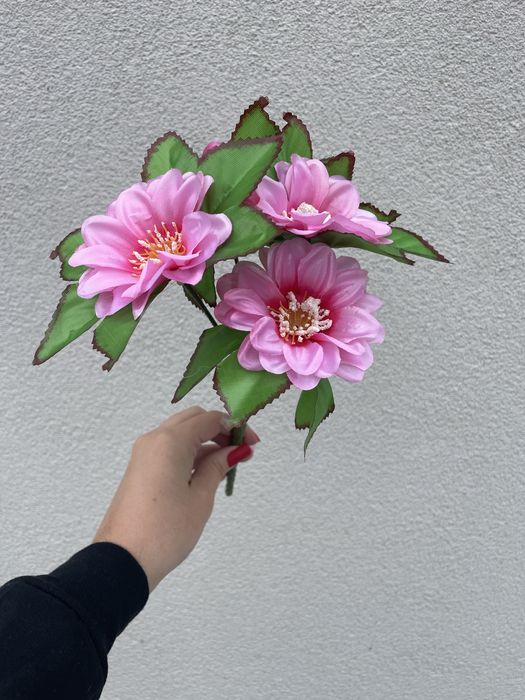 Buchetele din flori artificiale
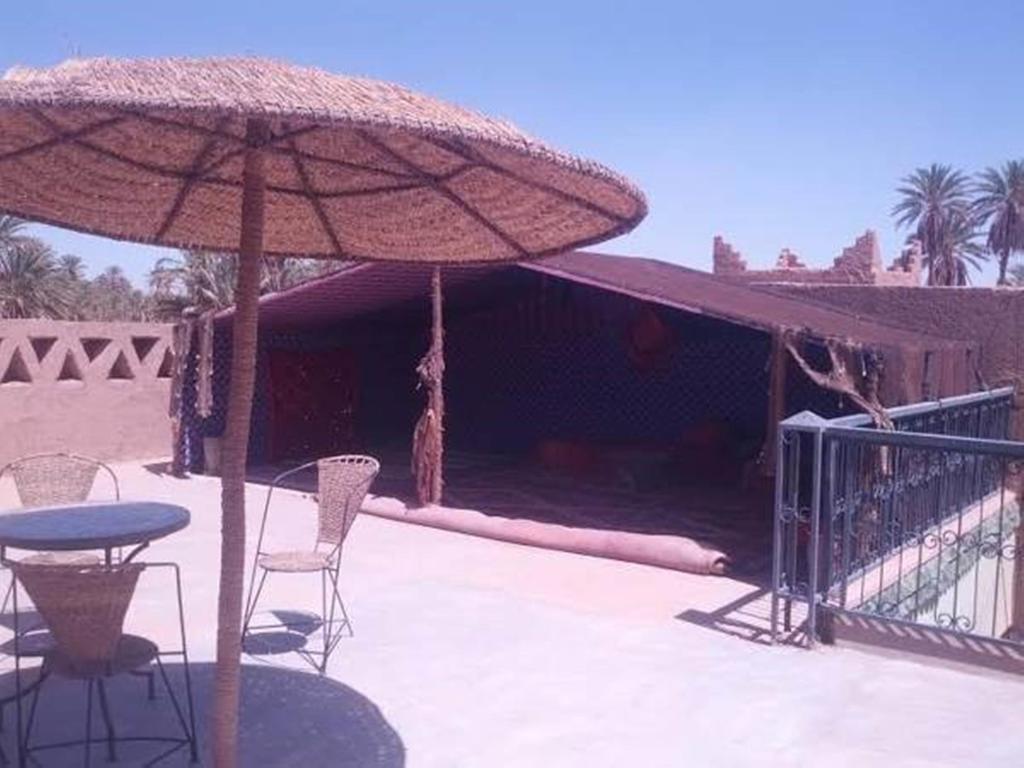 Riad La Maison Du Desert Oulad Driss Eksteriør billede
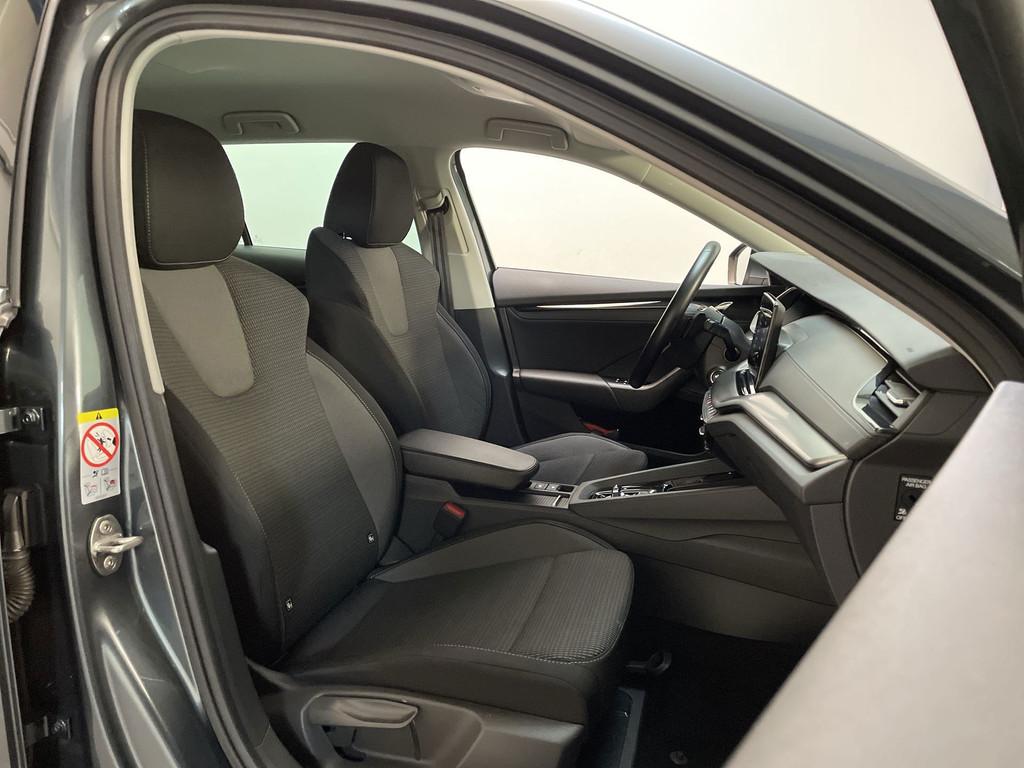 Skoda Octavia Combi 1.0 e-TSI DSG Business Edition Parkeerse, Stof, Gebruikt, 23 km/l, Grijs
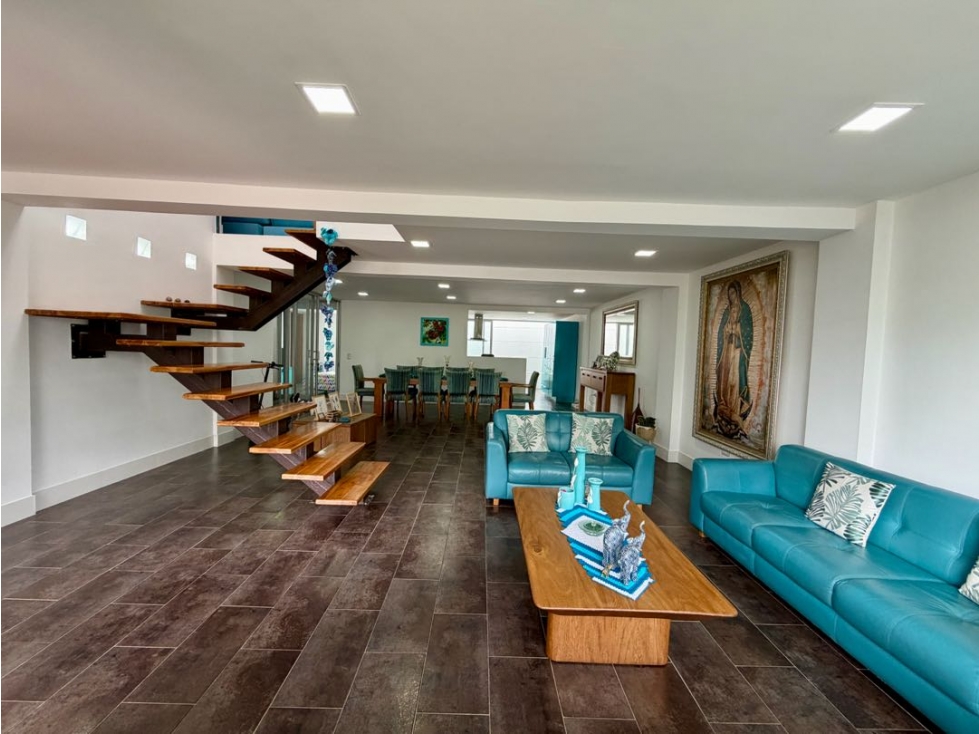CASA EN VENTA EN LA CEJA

+ + + +

Task description >> No pictures go in the copy. Output exactly the lines from the line containing "Riad La Maison" through the end of the listing above.

Output of the exercise >>
 Riad La Maison Du Desert Oulad Driss Eksteriør billede
 Skoda Octavia Combi 1.0 e-TSI DSG Business Edition Parkeerse, Stof, Gebruikt, 23 km/l, Grijs
CASA EN VENTA EN LA CEJA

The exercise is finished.